These parallel themes have facilitated the extraordinary economic, political, and social success of the American Jewish community, but also have contributed to widespread cultural assimilation.[66] More recently however, the propriety and degree of assimilation has also become a significant and controversial issue within the modern American Jewish community, with both political and religious skeptics.[67]

While not all Jews disapprove of intermarriage, many members of the Jewish community have become concerned that the high rate of interfaith marriage will result in the eventual disappearance of the American Jewish community. Intermarriage rates have risen from roughly 6% in 1950 and 25% in 1974,[68] to approximately 4050% in the year 2000.[69] By 2013, the intermarriage rate had risen to 71%.[70] This, in combination with the comparatively low birthrate in the Jewish community, has led to a 5% decline in the Jewish population of the United States in the 1990s. In addition to this, when compared with the general American population, the American Jewish community is slightly older.

A third of intermarried couples provide their children with a Jewish upbringing, and doing so is more common among intermarried families raising their children in areas with high Jewish populations.[71] The Boston area, for example, is exceptional in that an estimated 60% percent of children of intermarriages are being raised Jewish, meaning that intermarriage would actually be contributing to a net increase in the number of Jews.[72] As well, some children raised through intermarriage rediscover and embrace their Jewish roots when they themselves marry and have children.
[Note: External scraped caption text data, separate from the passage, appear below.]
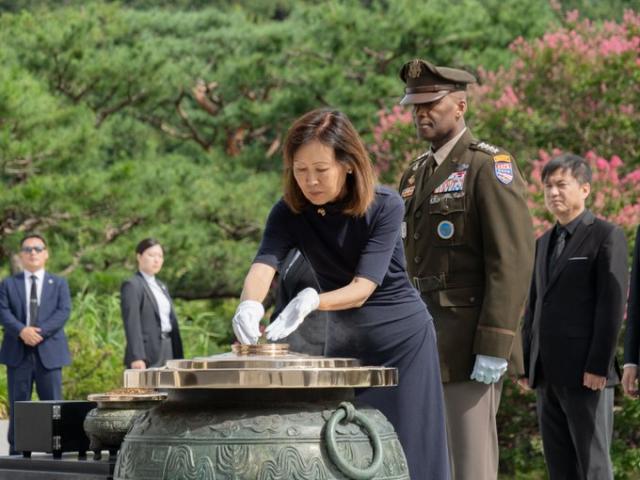 Lee accepts credentials of US Ambassador Steel and others 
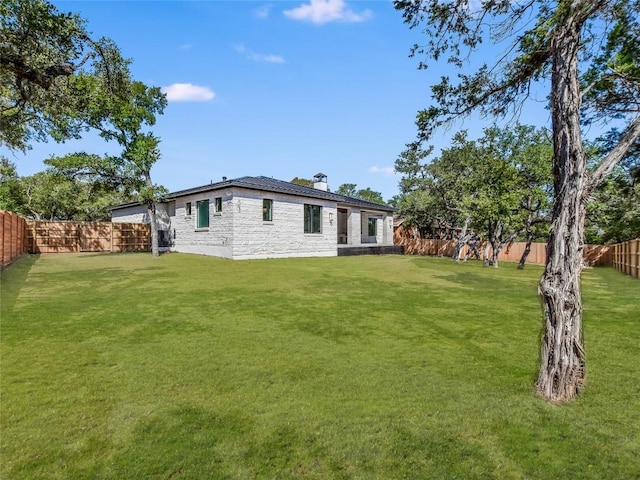 view of yard featuring a fenced backyard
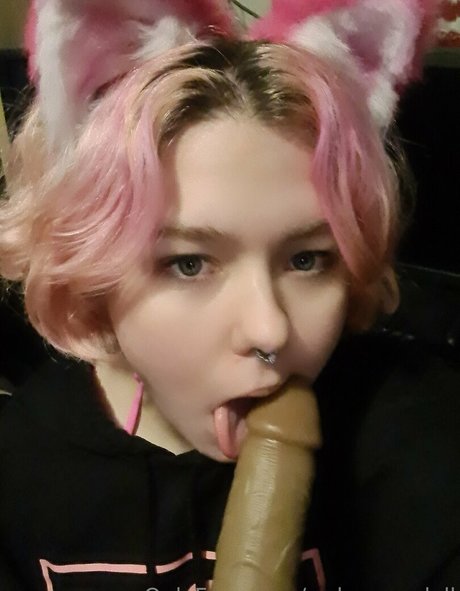 Dramatic_dumpster_free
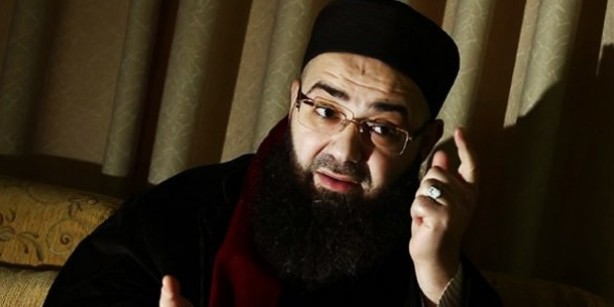 Foto - Cübbeli Ahmet Hoca'nın hanımı çılgına döndü! Tüm herkesi kovdu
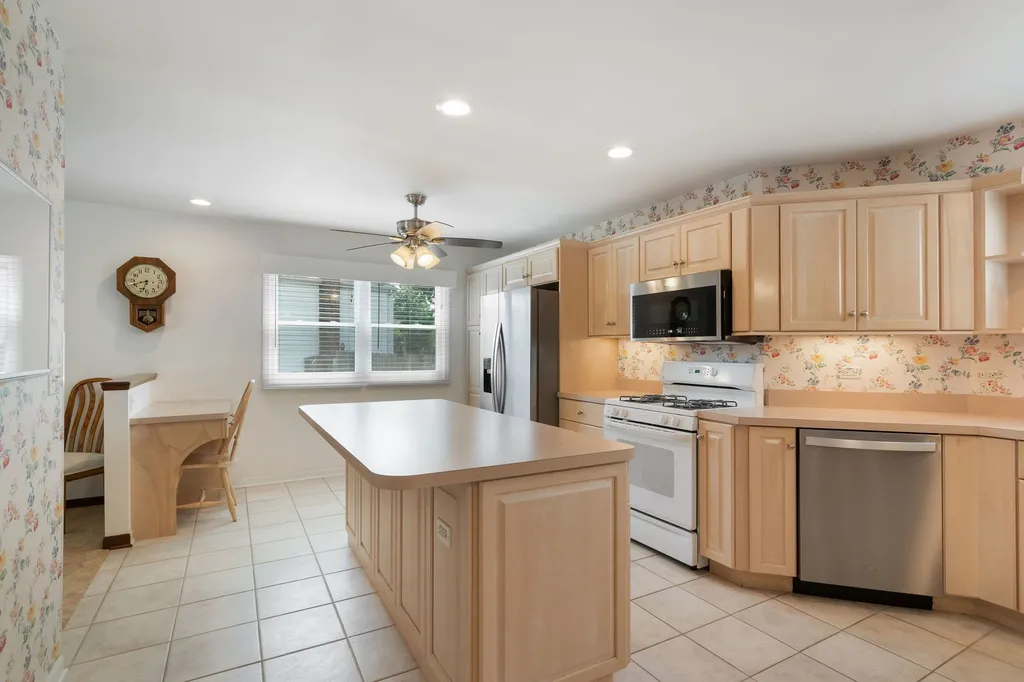 539 Hamilton Avenue Westmont IL 60559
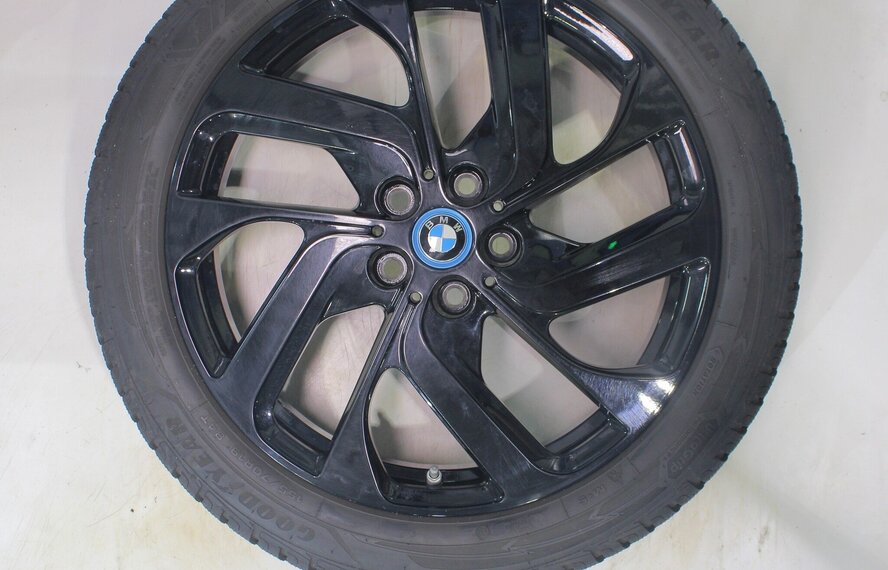 BMW BMW i3s 428 19 Zoll Felgen Goodyear Winterkompletträder Original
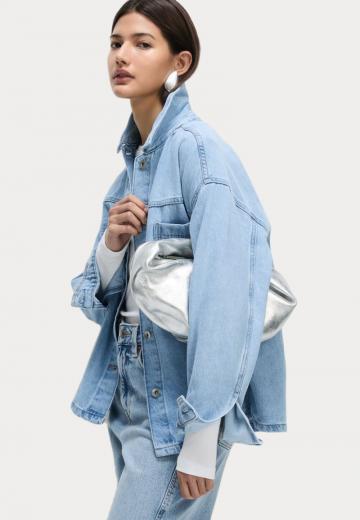 Джинсовая куртка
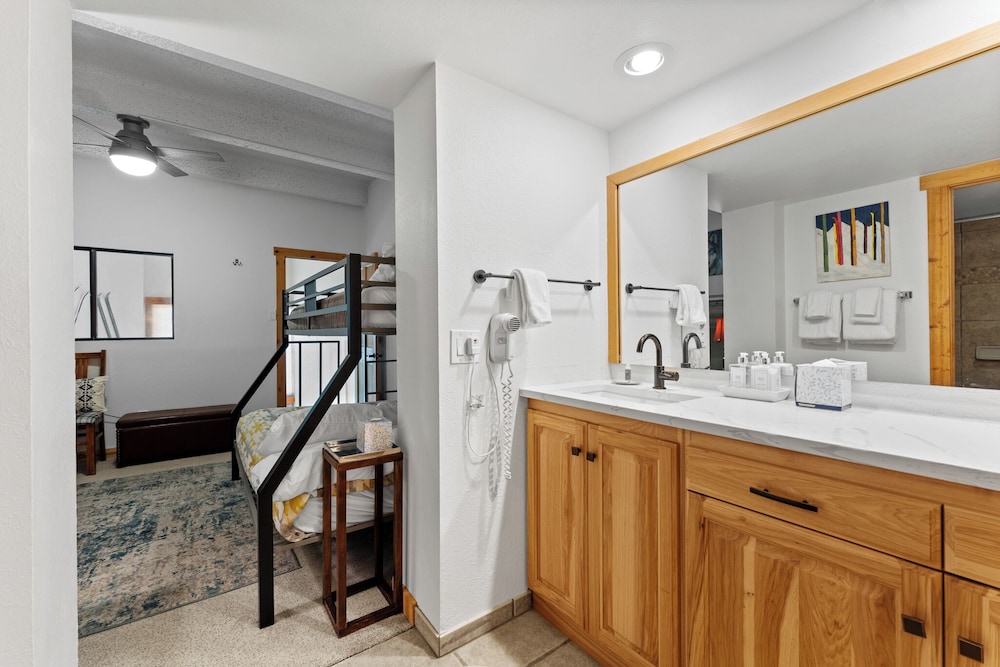 Summit House East #313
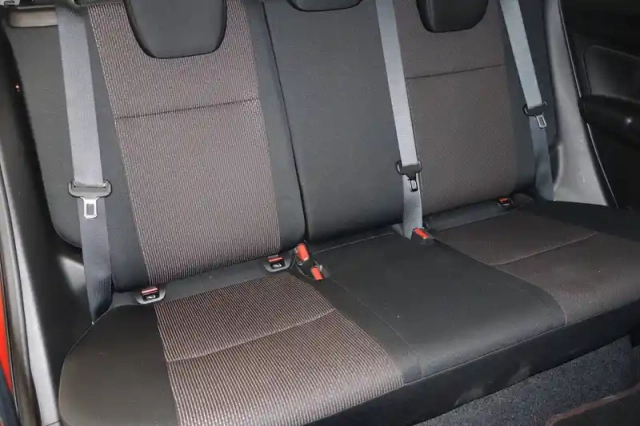Suzuki Swift sport 1.4 boosterjet hybrid — photo 12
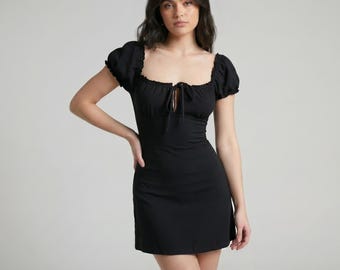 Abito corto da donna nero con maniche a sbuffo, elegante e alla moda / Abito da festa estivo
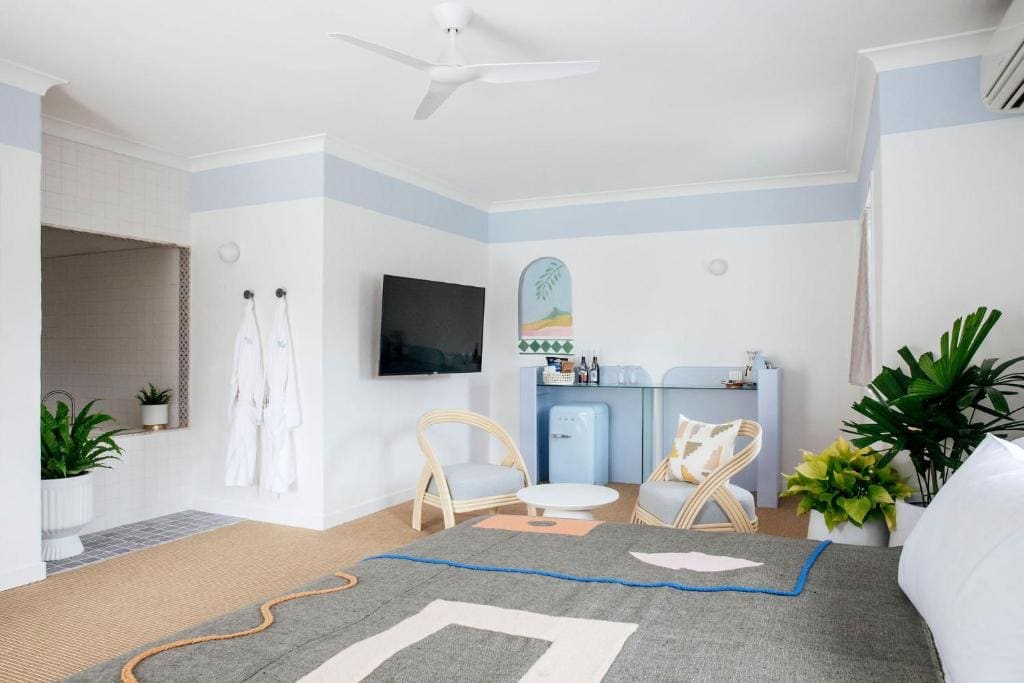 Molly's Spa Suite (bathtub) room - Image 3
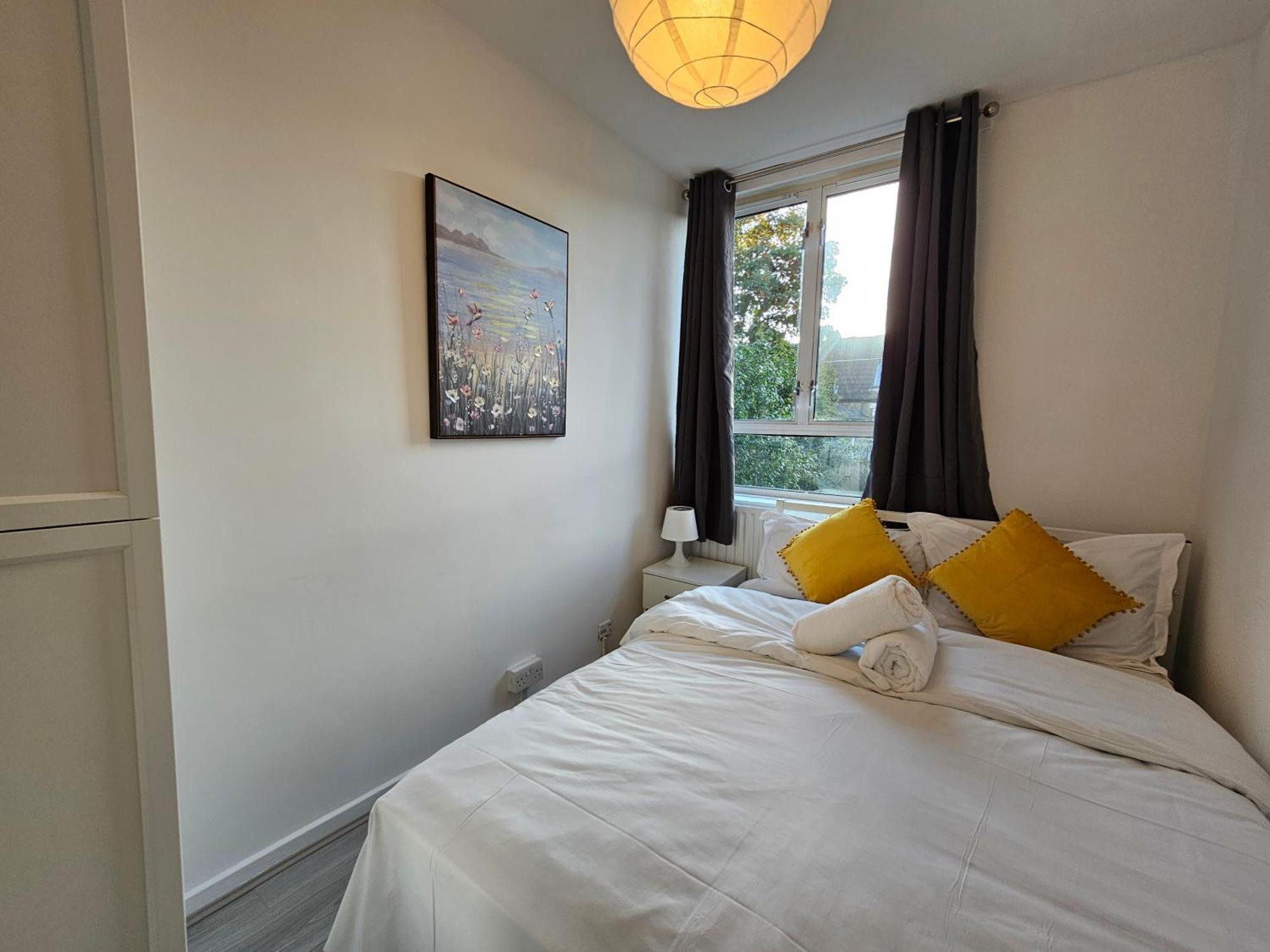 E1 Guest house London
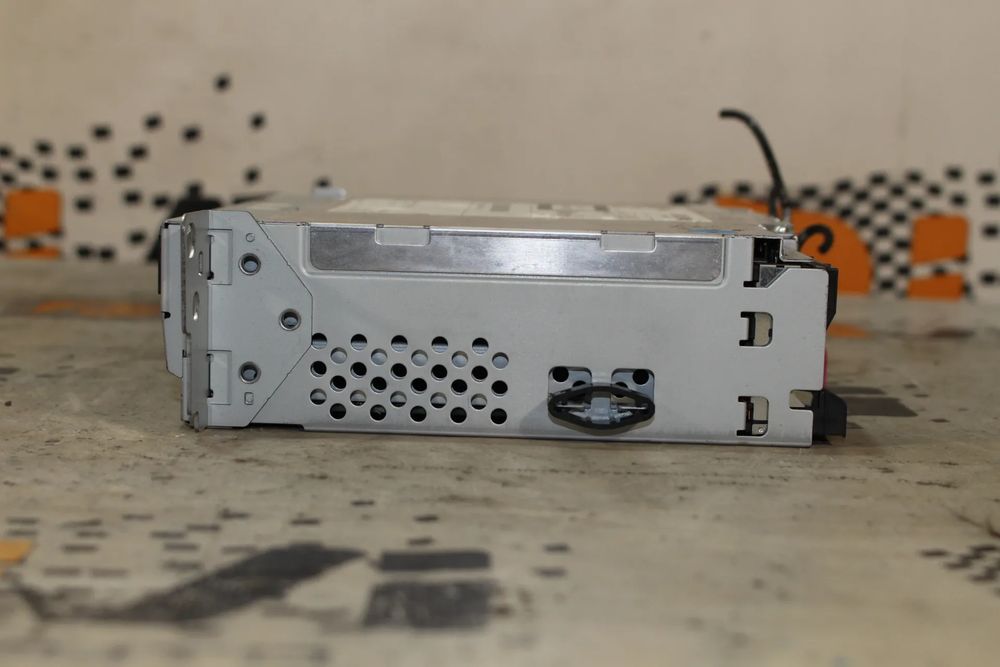 Rádio / auto-rádio BMW 5 (F10)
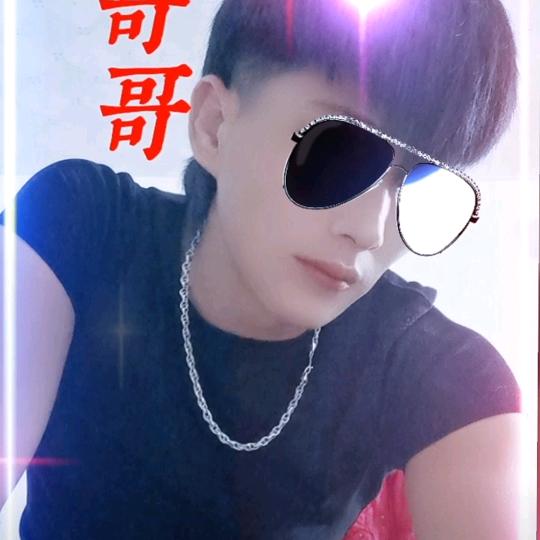 。阿龙。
In contrast to the ongoing trends of assimilation, some communities within American Jewry, such as Orthodox Jews, have significantly higher birth rates and lower intermarriage rates, and are growing rapidly. The proportion of Jewish synagogue members who were Orthodox rose from 11% in 1971 to 21% in 2000, while the overall Jewish community declined in number.[73] In 2000, there were 360,000 so-called “ultra-orthodox” (Haredi) Jews in USA (7.2%).[74] The figure for 2006 is estimated at 468,000 (9.4%).[74] Data from the Pew Center shows that as of 2013, 27% of American Jews under the age of 18 live in Orthodox households, a dramatic increase from Jews aged 18 to 29, only 11% of whom are Orthodox. The UJA-Federation of New York reports that 60% of Jewish children in the New York City area live in Orthodox homes. In addition to economizing and sharing, Orthodox communities depend on government aid to support their high birth rate and large families. The Hasidic village of New Square, New York receives Section 8 housing subsidies at a higher rate than the rest of the region, and half of the population in the Hasidic village of Kiryas Joel, New York receive food stamps, while a third receive Medicaid.[75]

About half of the American Jews are considered to be religious. Out of this 2,831,000 religious Jewish population, 92% are non-Hispanic white, 5% Hispanic (Most commonly from Argentina, Venezuela, or Cuba), 1% Asian (Mostly Bukharian and Persian Jews), 1% Black and 1% Other (mixed race etc.). Almost this many non-religious Jews exist in United States, the proportion of Whites being higher than that among the religious population.[76]

Approximately 7.5% to 10% of American Jews are not classified as white, generally a result of interracial parents, adoption, or conversion to Judaism.[80] However, the relationship of Jews to whiteness remains complex, and some Americans of Jewish descent do not self-identify as white.[20][81][82][83]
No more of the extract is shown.